With the flagship Mumbai-Ahmedabad bullet train of the BJP government being put on the back burner by the newly formed Uddhav Thackeray led Maha Vikas Aghadi government, the Chairman of Virgin Hyperloop, Richard Branson, is set to meet the Chief Minister to discuss the details of the ambitious Mumbai-Pune Hyperloop One, and clear “misunderstandings”.
“It is just a courtesy call and also to ensure that any misunderstandings regarding the project are cleared,” Branson told reporters in Mumbai on Wednesday (December 11).
“When there is a change in administration and you’ve a big project going on, it is important to have a courtesy call. Uddhav Thackeray and the various coalition people that he has around them need to meet people who are doing big projects or those wanting to do big projects in their state,” PTI quoted the British billionaire and founder of the Virgin Group as saying.
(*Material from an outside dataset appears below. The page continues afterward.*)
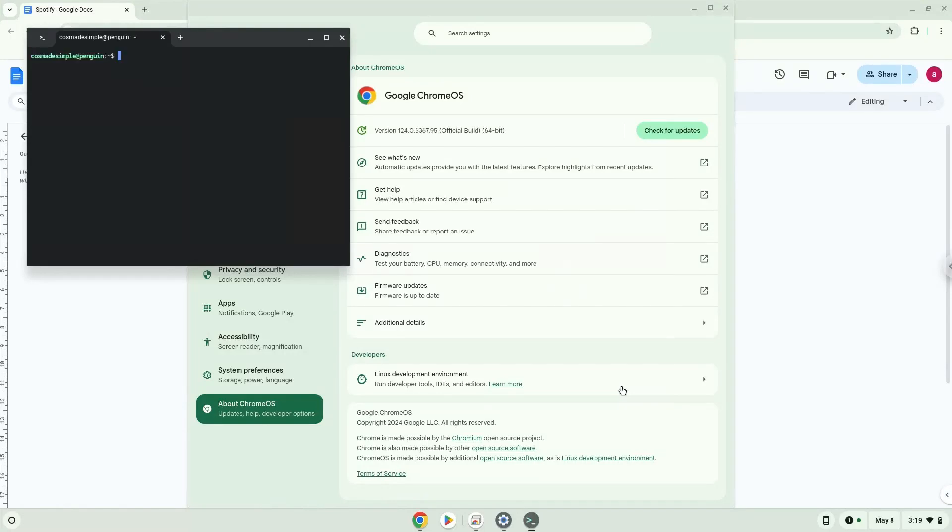Now that we have enabled Linux apps on our system, we will continue to the next step, which is to run several commands in a terminal, which will install the application. All the commands are in the video description.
Explained: What is Hyperloop?
It is a next-generation travel system that uses pods or capsules travelling at high speeds through low-pressure tubes erected on columns or tunneled underground using magnetic levitation. The system is fully autonomous and sealed, so no driver-related error is anticipated.
In a sealed environment with almost no air resistance, the pods are expected to reach very high speeds. The top speed could reach over 700 mph or 1,125 km/h, more than two and a half times the top speed of the world’s fastest train, the Shanghai Maglev (267 mph or 430 km/h), and some 200 mph faster than the cruising speed of a commercial jetliner (460-575 mph/740-925 km/h)
What was the Branson plan for which he had signed an MoU with the previous Devendra Fadnavis government?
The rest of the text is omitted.